Voices

HCRS, please reconsider AI software — especially for psych patients

DUMMERSTON-I am a psychiatric survivor. Since moving to Vermont over 12 years ago, I have been doing peer support, education, and advocacy across the state.

Recently, I learned that Health Care & Rehabilitative Services (HCRS), the largest provider of mental health services in Windham and Windham counties, has signed a contract with Eleos Health, an Israeli start-up company, to provide artificial intelligence (AI) note-taking software in its clinical programs.

I have serious concerns about this action.

Throughout my decades of involvement supporting other psych survivors and service users, a major theme has emerged that involves not only our civil and legal rights, but also our relationships with providers and the mental health system as a whole: that of informed consent.

Lack of informed consent does real harm. It breaks trust and deepens our fears of mistreatment in the system. It reproduces the conditions in which many of us have previously been traumatized: a lack of power and autonomy over our own bodies, our own minds, and our own privacy.

HCRS insists that getting consent to treatment during intake covers the use of this technology and further consent is unnecessary. Clients are technically allowed to ask questions and even opt out, but clinicians are being given training and talking points designed to achieve compliance.

In my own lived experience, I have had to fight for access to complete and accurate information about psych drugs, diagnosis, and many other aspects of treatment in order to make decisions in my own best interest.

In conversations with other psych survivors and service users, I've heard folks ask, "Who trained the AI, and who was it trained on? What type of biases might be trained into the system? Who profits from our healthcare agencies implementing this technology?"

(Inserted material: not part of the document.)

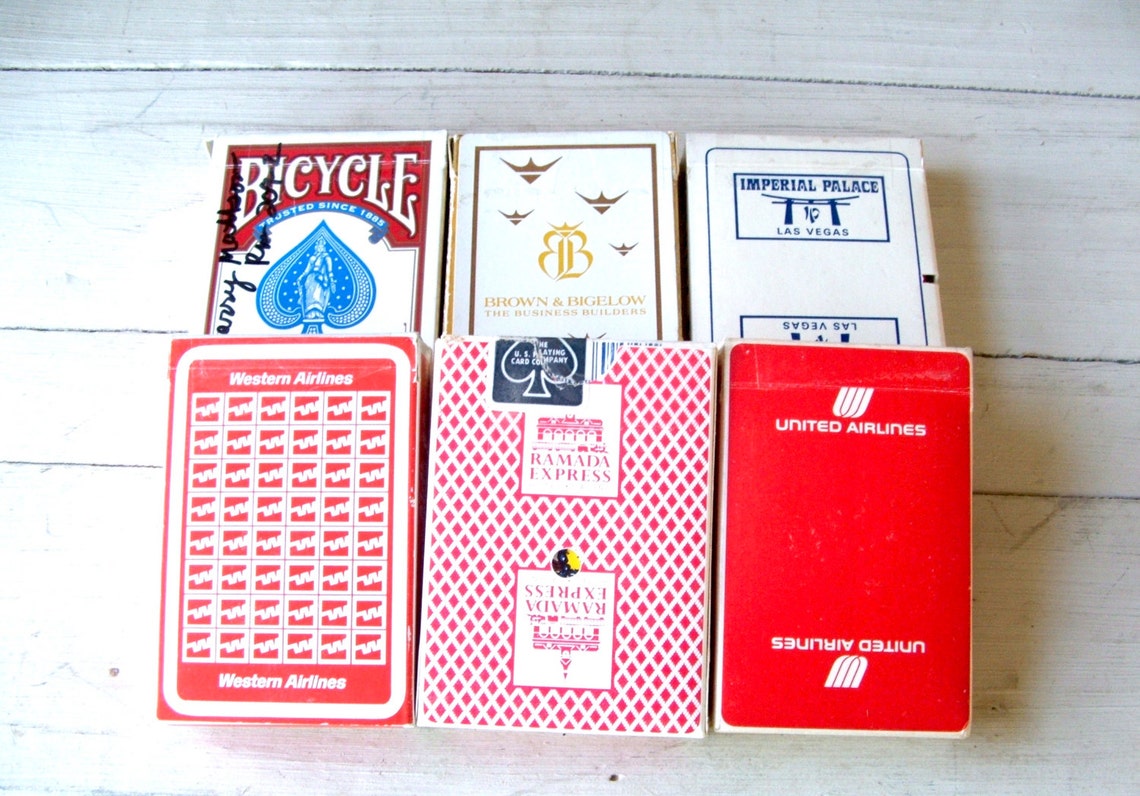6 Vintage Boxed Decks of Playing Cards Airlines Motels Etsy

To meaningfully consent to use of Eleos's AI, clients need to know that a founder and COO of Eleos Health boasts that his experience as a drone pilot in the Israeli Air Force informs his approach to the delivery of mental health care.

That the bulk of the company's leaders are active members of a military force which has targeted healthcare workers in Gaza and all but destroyed the region's healthcare system.

That this same military used AI to determine which families' homes to bomb.

That it detonated pagers in Lebanon, some of which were in the hands of children.

Psychiatry for decades has labeled patients as "paranoid," meanwhile using all manner of surveillance, from secret tape recorders to security cameras.

I'm alarmed by the rollout of this controversial technology and concerned that clients' reasonable fears that their most private and vulnerable conversations could be leaked will be dismissed and pathologized.

I'm asking HCRS to reconsider this contract and to seek solutions to providers' note-taking woes that address the root causes and do not cause harm to those it has taken on the responsibility to care for.


Calvin Moen

Dummerston


This letter to the editor was submitted to The Commons.